# About

Simple baselines for GhostWriter dataset (e.g. linear regression).

In [237]:
%load_ext autoreload
%autoreload 2

The autoreload extension is already loaded. To reload it, use:
  %reload_ext autoreload


In [238]:
!pip install xgboost lightgbm



In [269]:
import re, math, string, numpy as np
from xgboost import XGBClassifier
from lightgbm import LGBMClassifier

from datasets import DatasetDict, load_dataset
from sklearn.pipeline import Pipeline
from sklearn.preprocessing import StandardScaler
from sklearn.linear_model import LinearRegression
from sklearn.metrics import confusion_matrix, f1_score, roc_auc_score
from sklearn.utils import check_random_state

rng = check_random_state(42)

In [240]:
# Helpers
_punct_tbl = str.maketrans("", "", "")
punct_set = set(string.punctuation)
url_pat = re.compile(r"(https?://\S+|www\.\S+)", re.IGNORECASE)
sent_pat = re.compile(r"[.!?]")
nonspace_pat = re.compile(r"\S")
alnum_pat = re.compile(r"[A-Za-z0-9]")

def safe_div(a, b):
    return a / b if b else 0.0

def tokenize_whitespace_strip_punct(text):
    toks = []
    for tok in text.split():
        # strip leading/trailing punctuation
        tok = tok.strip(string.punctuation)
        if tok and alnum_pat.search(tok):
            toks.append(tok)
    return toks

def extract_metrics_batch(batch):
    texts = batch["text"]
    out = {
        "n_chars": [],
        "n_chars_nospace": [],
        "n_words": [],
        "avg_word_len": [],
        "n_sents": [],
        "n_punct": [],
        "punct_ratio": [],
        "upper_ratio": [],
        "digit_ratio": [],
        "url_count": [],
        "type_token_ratio": [],
        "hapax_ratio": [],
    }
    for t in texts:
        t = t if isinstance(t, str) else ""
        n_chars = len(t)
        n_chars_nospace = len(re.findall(r"\S", t))
        n_punct = sum(1 for ch in t if (not ch.isalnum()) and (not ch.isspace()))
        n_upper = sum(1 for ch in t if ch.isupper())
        n_digit = sum(1 for ch in t if ch.isdigit())
        url_count = len(url_pat.findall(t))

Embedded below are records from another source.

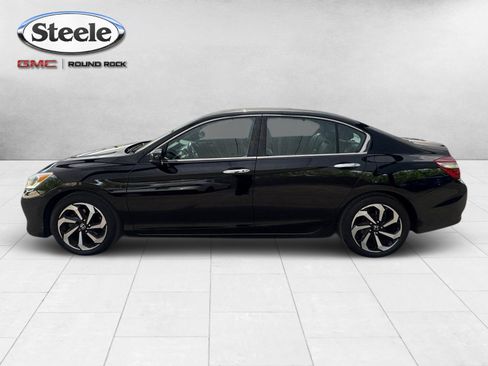 Used 2017 Honda Accord EX-L image 2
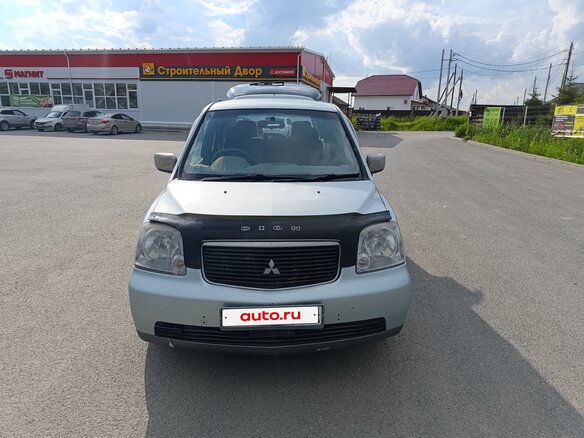 2000 Mitsubishi Dion I, зелёный, 225000 рублей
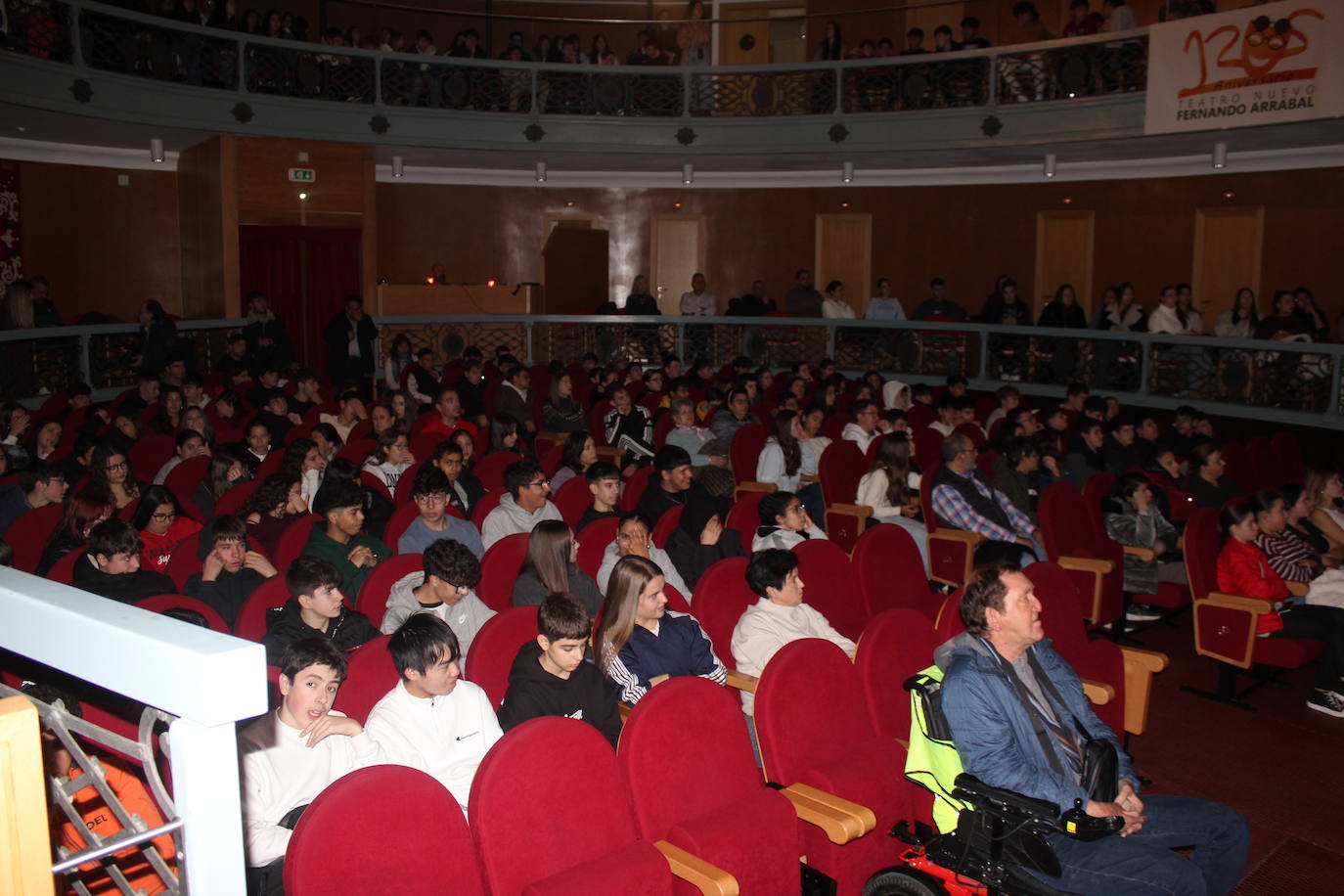 Sofía Cristo educa a los jóvenes de Ciudad Rodrigo sobre el consumo de sustancias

        # sentence count (min 1 for non-empty text)
        sent_splits = [s for s in sent_pat.split(t) if s.strip()]
        n_sents = max(1, len(sent_splits)) if t.strip() else 0

        toks = tokenize_whitespace_strip_punct(t)
        n_words = len(toks)
        avg_word_len = safe_div(sum(len(w) for w in toks), n_words)

        # lexical diversity
        toks_lower = [w.lower() for w in toks]
        vocab = set(toks_lower)
        type_token_ratio = safe_div(len(vocab), n_words)

        # hapax legomena ratio
        from collections import Counter
        cnt = Counter(toks_lower)
        hapax_ratio = safe_div(sum(1 for w, c in cnt.items() if c == 1), n_words)

        punct_ratio = safe_div(n_punct, n_chars_nospace)
        upper_ratio = safe_div(n_upper, n_chars_nospace)
        digit_ratio = safe_div(n_digit, n_chars_nospace)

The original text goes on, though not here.